**Task instructions:** With the pictures omitted, transcribe each line below exactly as it is.

**Dataset content:**
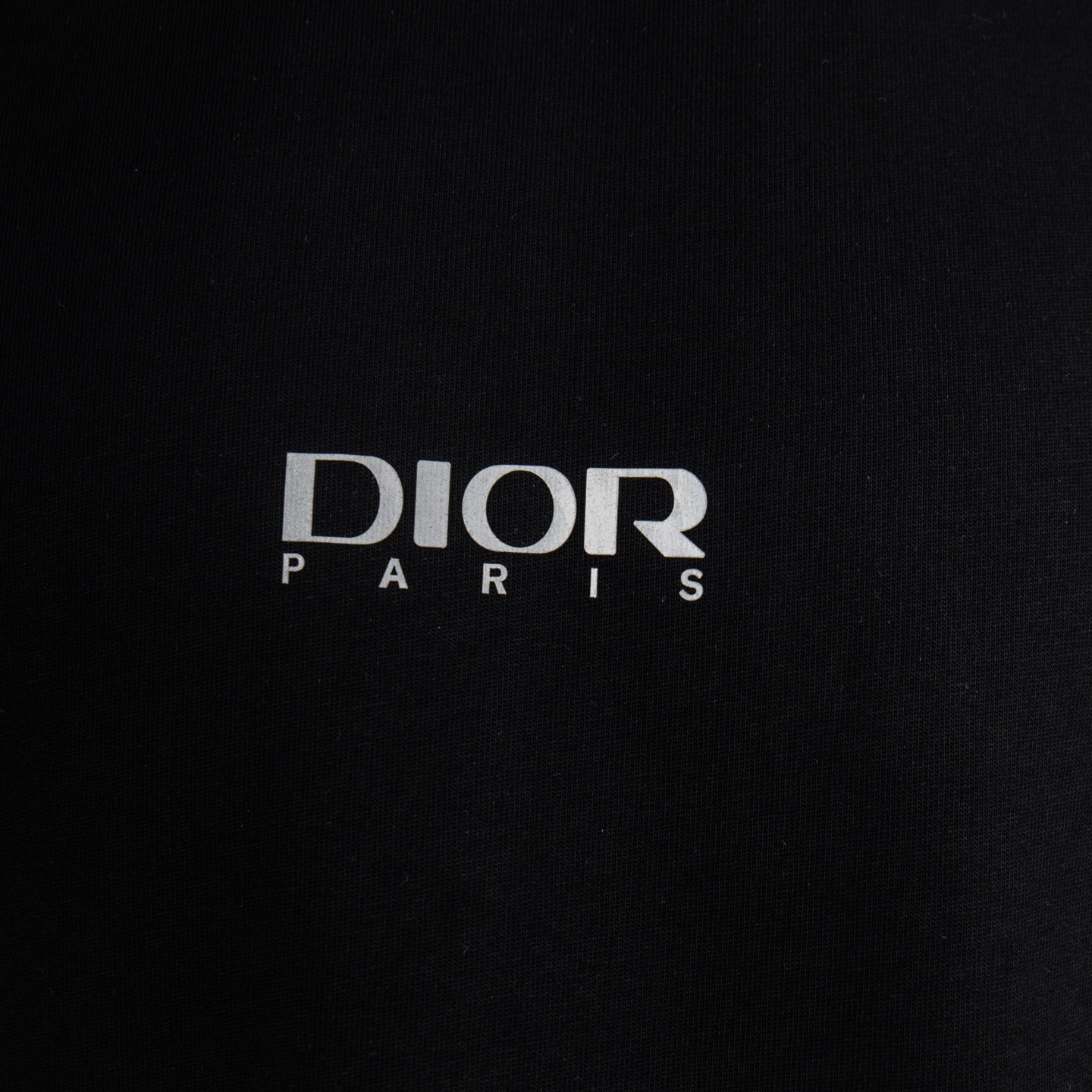 Black Dior T-shirt chest logo text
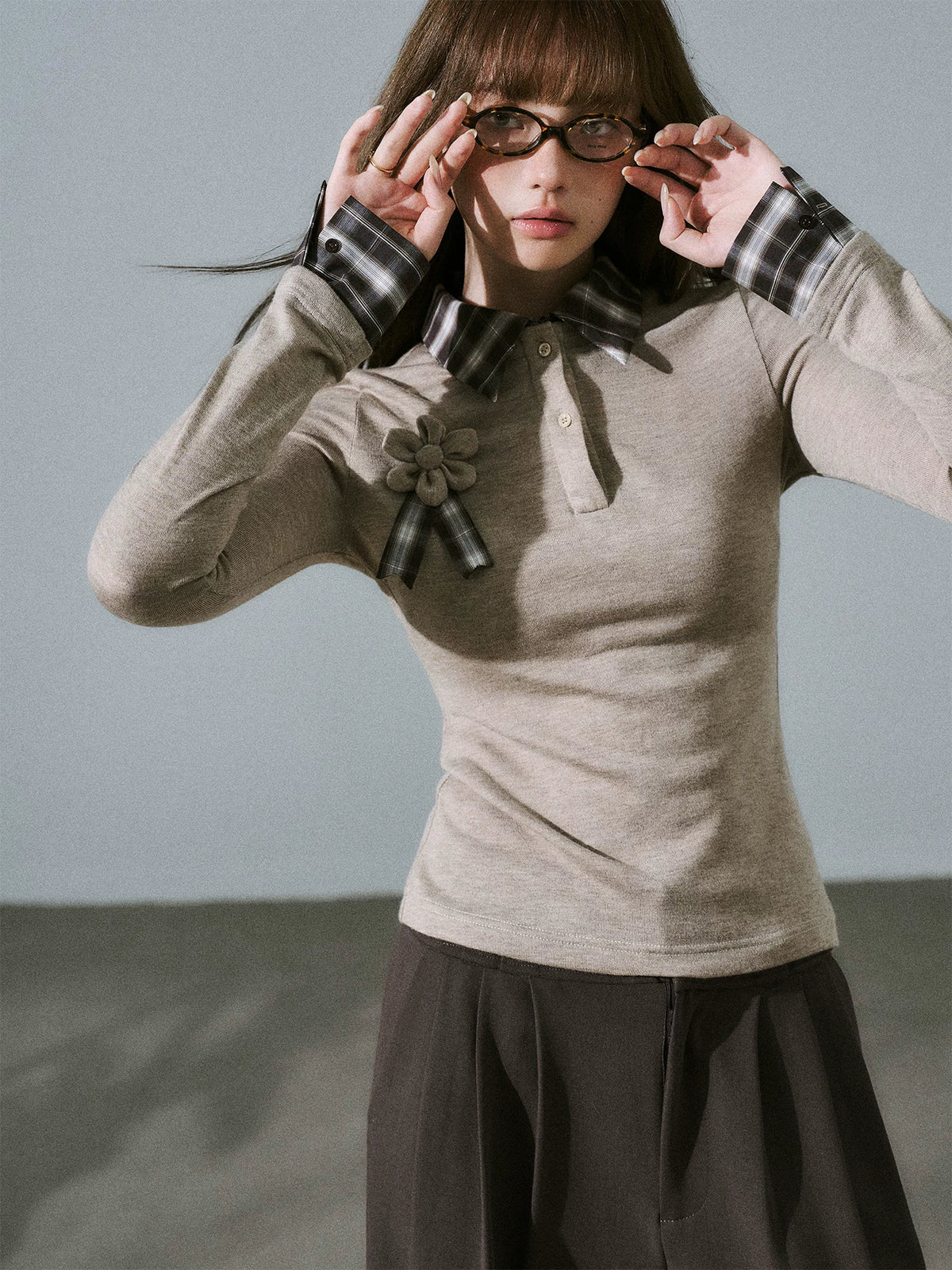 LOST FOREST - Brown Plaid Layered Knit Top with Detachable Brooch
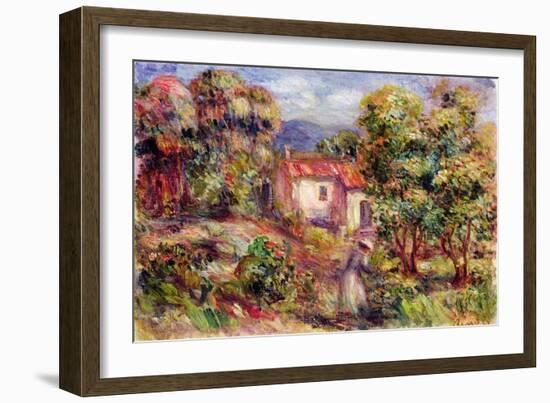 Woman Picking Flowers in the Garden of Les Colettes at Cagnes, 1912-Pierre-Auguste Renoir-Framed Giclee Print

**Result of this task:**
 Black Dior T-shirt chest logo text
 LOST FOREST - Brown Plaid Layered Knit Top with Detachable Brooch
 Woman Picking Flowers in the Garden of Les Colettes at Cagnes, 1912-Pierre-Auguste Renoir-Framed Giclee Print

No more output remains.